Read early this morning in a daily devotional:
“You are able to grow a greater love when you lay down your agenda in prayer and pick it up by faith and in love. Beware of ignoring thoughtful questions from the wise and becoming a fool by thinking you have all the answers. A greater love gives up control for the greater good of faithful friends.”
Don’t kid yourself. We’ve all made pleasant with serene, gracious smiles while privately believing ourselves to be brighter and sharper and more talented than anyone around us.
You’ve looked around, seeing the same people being picked and pressed into multiple roles. You’ve thought, “No way can they be the best we have at that many things. And who’s going unused in all of it? Why are gifts and talents being wasted?” Good men and women get tired. Disappointed. Discouraged.

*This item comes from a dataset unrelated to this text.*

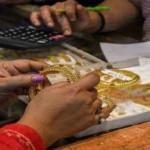 Turn Old Jewels into Funds Fast with Express Money Gold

I get it. Good leaders size up their available team and quickly decide who’ll step up. Having set that mental template, it’s just easier to
- go with the flow
- not rock the boat
- dance with who ya brung
People are sharper than you think. They know when they’re being overlooked.
Leaders have their agendas, too. They’re no easier to lay down than yours or mine. It’s just simpler to recycle the same people than be on the hunt for new talent and develop it. And yet Jesus said there’s no higher indication of His love than to lay ‘me’ and ‘my’ down in favor of others.

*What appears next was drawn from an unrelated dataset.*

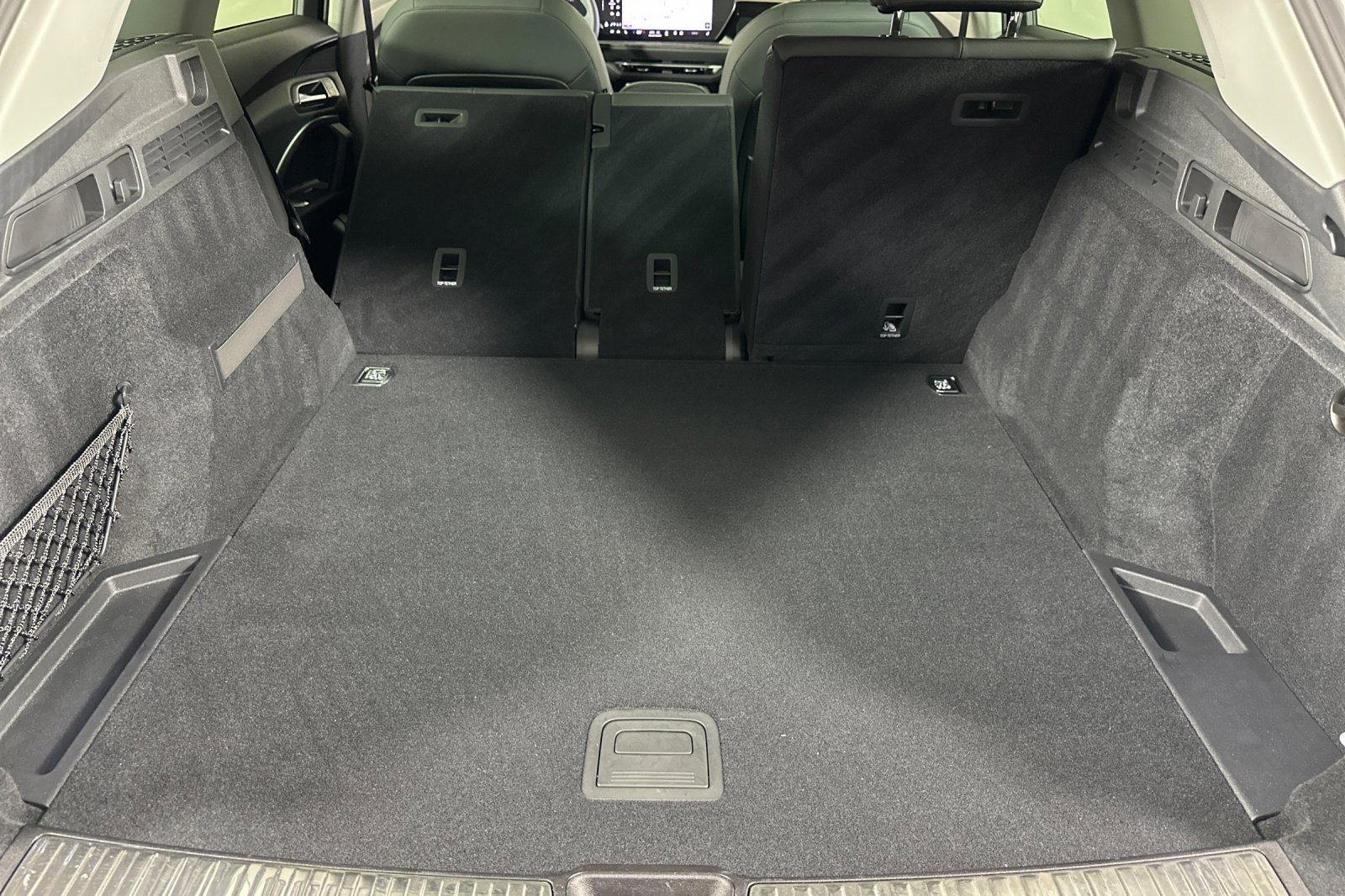 Used 2025 Audi Q5 Premium w/ Convenience Package image 14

Laying down your agenda, spreading it out before God’s perfect Timeless eye, is humbling. There’s a big difference between, “Now, God, here’s my plan . . .” and “Okay, Lord–what’s YOUR plan, what part do you want me to play, and who else do You want on this team?” https://teamgantt.com
And the waiting? Oh, the waiting . . .
“Oh, oKAY-uh! My agenda. Right there. On the floor! Okay?”
Right. But that’s only half the equation. There’s the follow-through of picking it up, by faith and in love toward all concerned, after God’s finished reworking it.
It really is a matter of control.
And God’s the only one who ought to be getting His way in everything we’re doing.